The global trade in fake goods that infringed Swiss intellectual property rights in 2018 was worth around $7bn, or 2.3 per cent of all genuine exports, according to a new report.
The Counterfeiting, Piracy and the Swiss Economy document – published by the Organisation for Economic Co-operation and Development (OECD) – found that Swiss watches were the most targeted category, accounting for around $2bn of the infringing trade.
Other commonly faked Swiss products included clothing, leather products and footwear, according to the report, which suggests that in more than half (54 per cent) of cases the counterfeits were sold to consumers who knew they were buying knock-offs.
The data – derived mainly from customs seizures – also suggests that Swiss manufacturers lost sales of $4.5bn due to counterfeiting and piracy, which the OECD estimates as lost sales from purchasers trying to buy genuine goods, rather than those knowingly buying fakes.
The loss in revenue is equivalent to 10,000 lost jobs and, in addition, the Swiss government lost almost $160m in lost tax revenues.
The figures make Switzerland one of the economies that is worst affected by illicit trade, says the report.

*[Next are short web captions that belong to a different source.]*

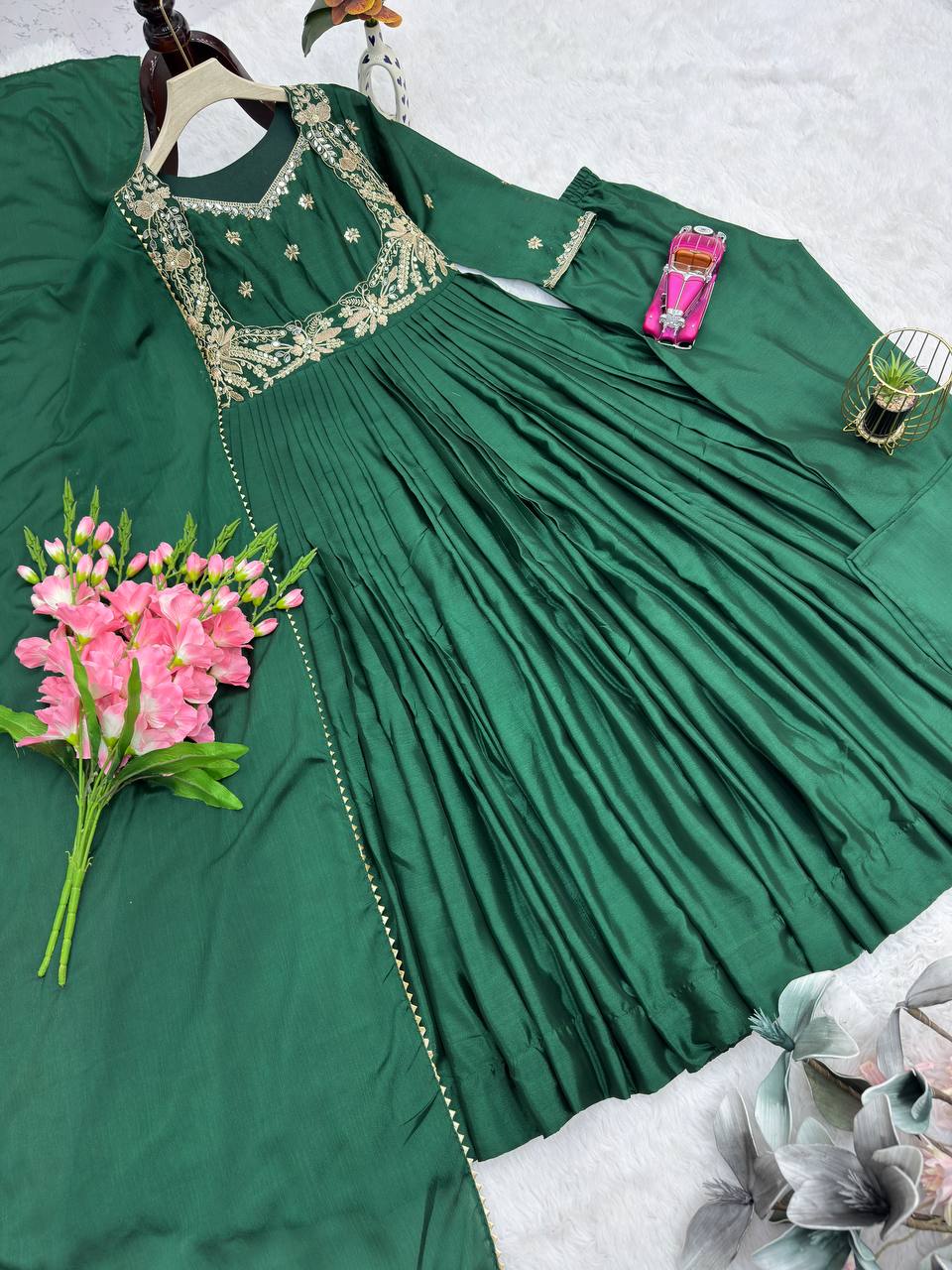 Women’s Heavy Chinon Silk Gown Set with Pant & Dupatta | D.No.- 1153
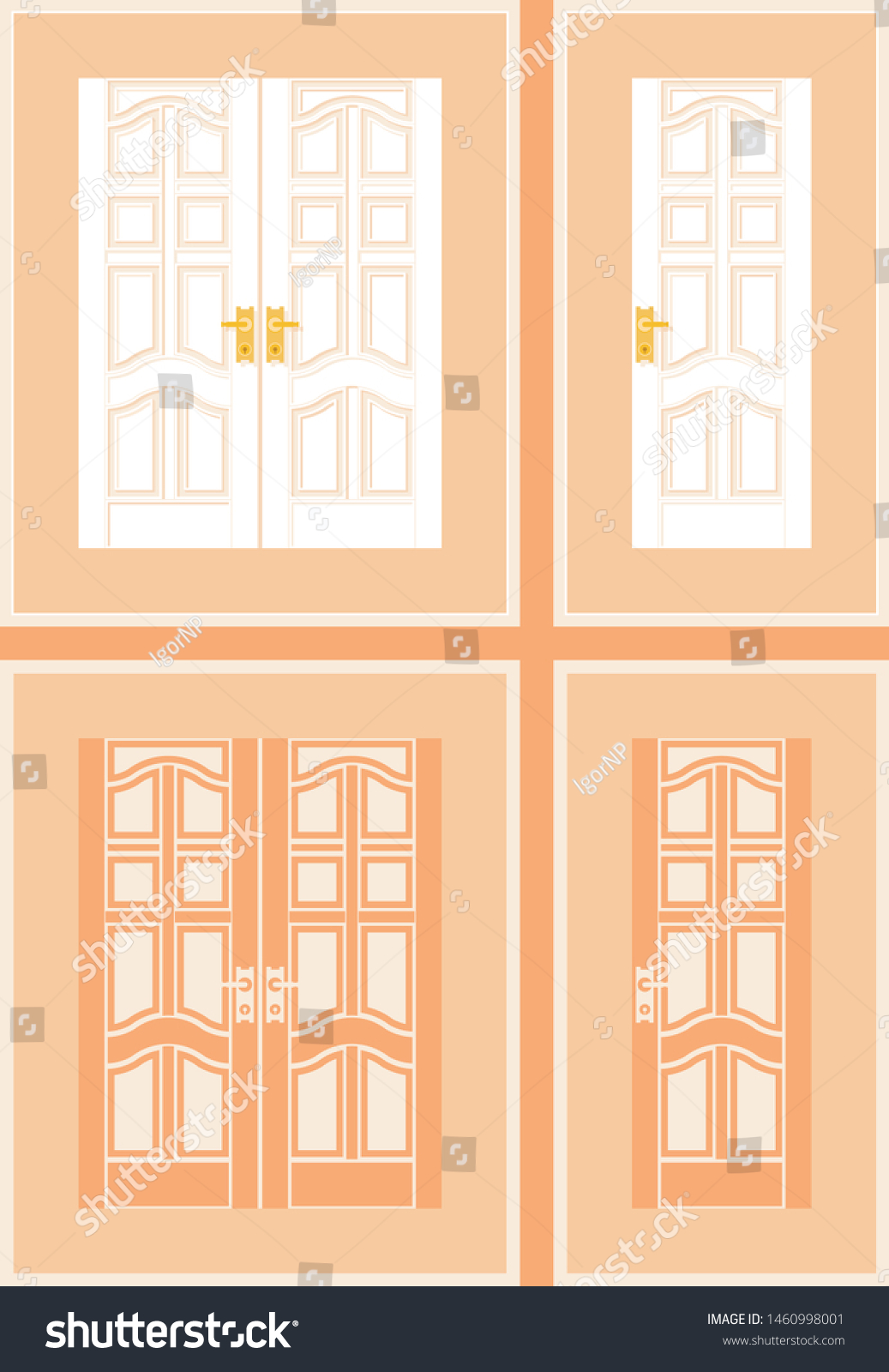 Set Interior Doors Various Types On Stock Vector Royalty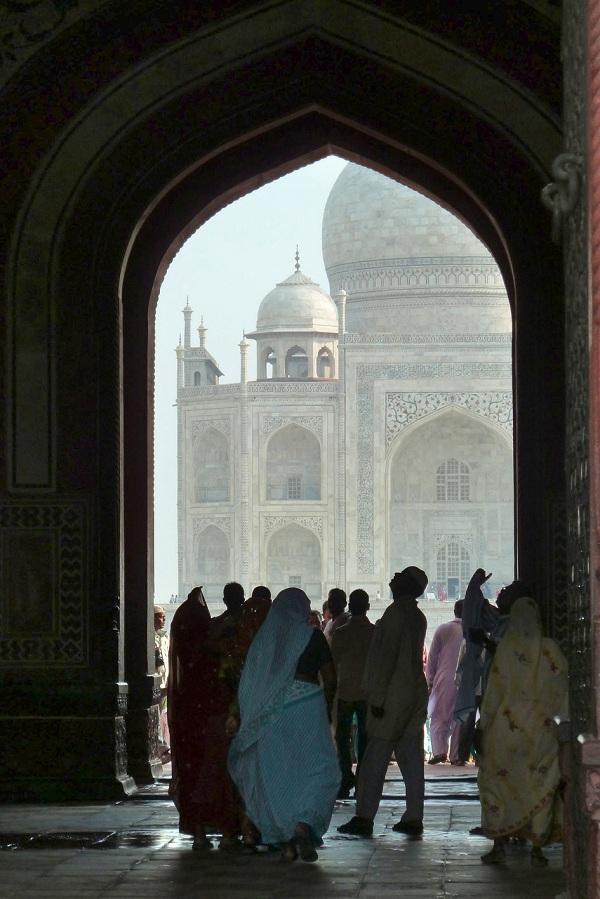 Entrada al Taj Mahal, en Agra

"The Swiss economy is innovative and knowledge-intensive." Says the OECD. "Consequently, it relies heavily on intellectual property rights. Swiss industries are also export-oriented and solidly integrated in the global economy. At the same time, the threats of counterfeiting and piracy are growing, and Swiss industries are vulnerable."
China and Hong Kong continued to be the primary source of counterfeits, accounting for around 52 per cent and 25 per cent of seizures, respectively, with Turkey and Singapore also important countries of origin.
One key finding in the report is that Hong Kong has surpassed mainland China as the primary source of counterfeits, showing it is an increasingly important transit hub for the illicit trade, along with the Pacific island Tuvalu.
Another worrying trend was the ever-escalating numbers of counterfeits packaging and logos, which reveals that criminals are shipping unbranded goods separately from packaging and labels to reduce the risk of seizure.
Watches accounted for 80 per cent of seizures in terms of number and value, followed by clothing (11.4 per cent) and footwear (3.2 per cent). The most frequent destination countries for the fakes were Germany, Belgium, the Netherlands, the UK and Spain.